President Ally has consistently asserted that the border controversy between Guyana and Venezuela is before the International Court of Justice, and confidently predicted that the International Court of Justice (ICJ), to which the controversy has been referred, would rule in Guyana’s favour. He advocates that everyone should await the ruling, while insisting that Guyana’s development cannot be put on pause, and that the rule of law must prevail. The ICJ has already made two preliminary rulings on the matter. It rejected Venezuela’s claim that the ICJ has no jurisdiction and in the second, on the matter of the 3rd December Referendum in Venezuela, it called on Venezuela to “refrain from taking any action which would modify the situation that currently prevails”.

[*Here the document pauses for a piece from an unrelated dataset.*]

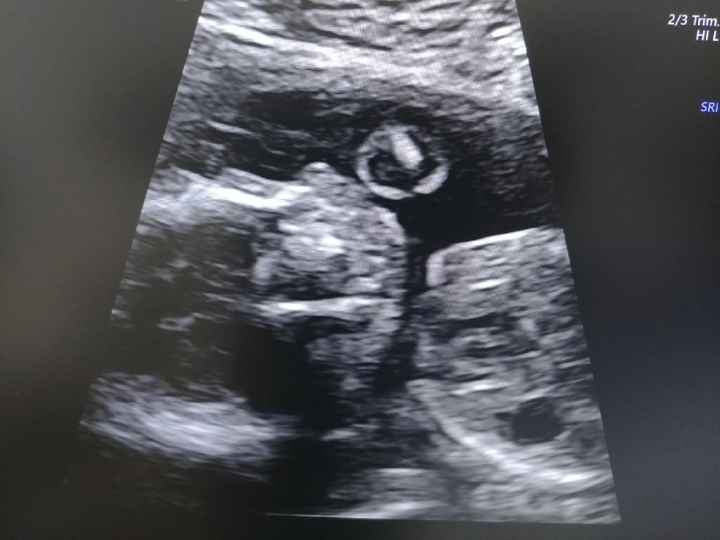 Futuras Mamas Julio 2020. - 1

It was disappointing that the ICJ used what appears to have been excessively neutral language to describe Essequibo, speaking of “dispute” rather than “controversy”, and “administration and control” – a term more descriptive of a holding situation in a protectorate, rather than sovereignty and territorial integrity of countries. As Anil Nandlall, the Attorney General said at a recent Bar Association forum, the Court was probably bending over to display its impartiality and to avoid any accusation of bias. Overall, the Court delivers sound judgments, a bit too slowly in my view, but while it can pronounce, it cannot enforce. There is an example some years ago of the USA’s refusal to abide by a ruling of the Court, while more recently, judges of Russian and Chinese nationalities dissented in an otherwise unanimous ruling against Russia.

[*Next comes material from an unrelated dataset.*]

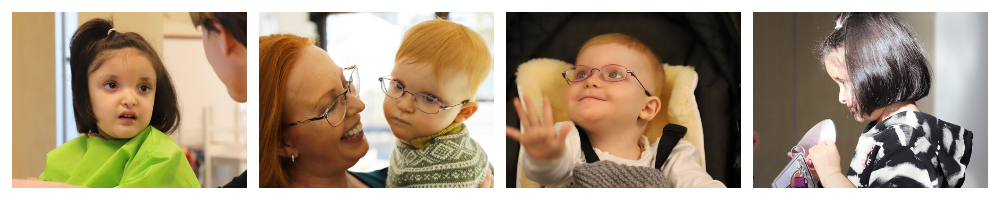 Fire bilder av to ulike barn med Mowat-Wilsons syndrom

Commendably, Guyana has received support, if only lukewarm, from regional, hemispheric and international communities. CARICOM, of which Guyana is a founding member, and the Community of States of Latin America, (CELAC) of which both Venezuela and Guyana are members, have led the initiative for Thursday’s meeting. Based on a statement by Gonsalves to the Vincentian media, he had a visit from a top Venezuelan official prior to the meeting which suggests that that country would have had some role in getting support for the meeting. Yet, it would have been difficult for President Ally to decline the invitation.

Perhaps in response to some disquiet expressed by sections of the Guyanese population following the announcement, President Ally has against assured the nation that the border controversy is not on the agenda. What he did not say however, is what is on the agenda, or what his own proposals are. Such meetings should have clear ground rules and desired outcomes, lest they end in disaster.

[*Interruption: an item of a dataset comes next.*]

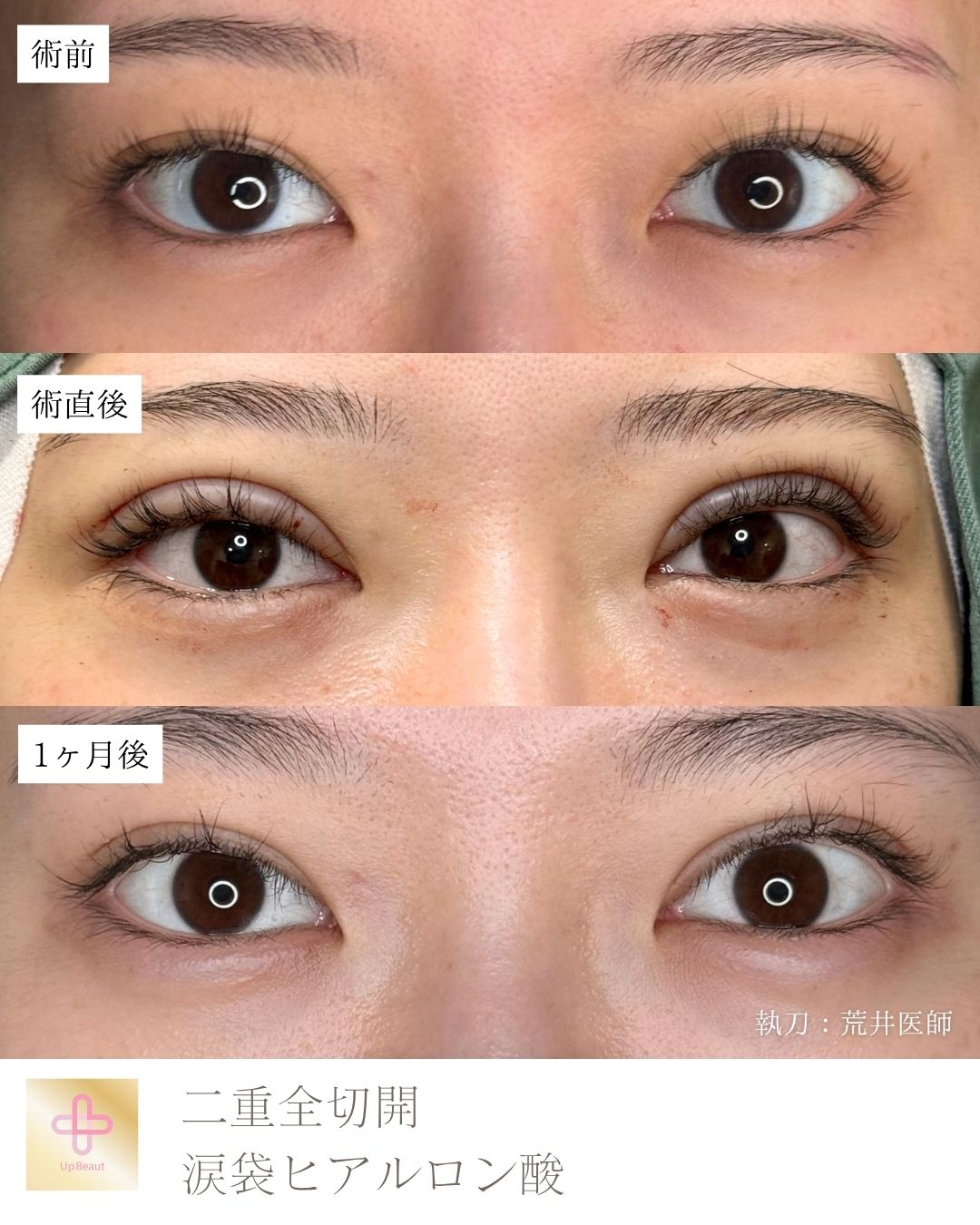 たるみ取り併用全切開二重術　涙袋ヒアルロン酸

It is unclear what advice President Ally has taken, and who will comprise the Guyana team to meet with the Venezuelan delegation. In a letter in yesterday’s Sunday Stabroek, commentator Ravi Dev wrote that VP Jagdeo appears to favour a military base in Guyana “to protect our national interest”, clearly a reference to the USA. I seriously doubt that that will go down well with Gonsalves, President Lula or with Maduro.

A long time ago, Guyana could boast of one of the best teams of diplomats in the Foreign Affairs Ministry among world countries, and under President Burnham, Guyana hosted a meeting of the leaders of the Non-Aligned countries of the world. Regrettably, the role and strength of foreign affairs have been downgraded since then, depriving President Ally of the quality of support the situation demands, and which cannot be provided by either the Foreign Secretary, or the Foreign Minister. If diplomacy is to compensate for any other weakness in our relations with Venezuela, it needs to be handled capably, competently and delicately.

Guyanese of all political stripes have come out totally in defence of the country’s sovereignty and the integrity of its territory. To his credit, President Ali has engaged Guyanese populace, but mainly in speaking to, rather than with them. He is yet to consult with the National Assembly, and on the issue of the St. Vincent meeting, he notified the Leader of the Opposition, rather than consulted with him. Our semi-dormant National Assembly is meeting today, and there was no reason or urgency why President Ally had to respond to the invitation with such urgency, and without consulting with the people’s representatives.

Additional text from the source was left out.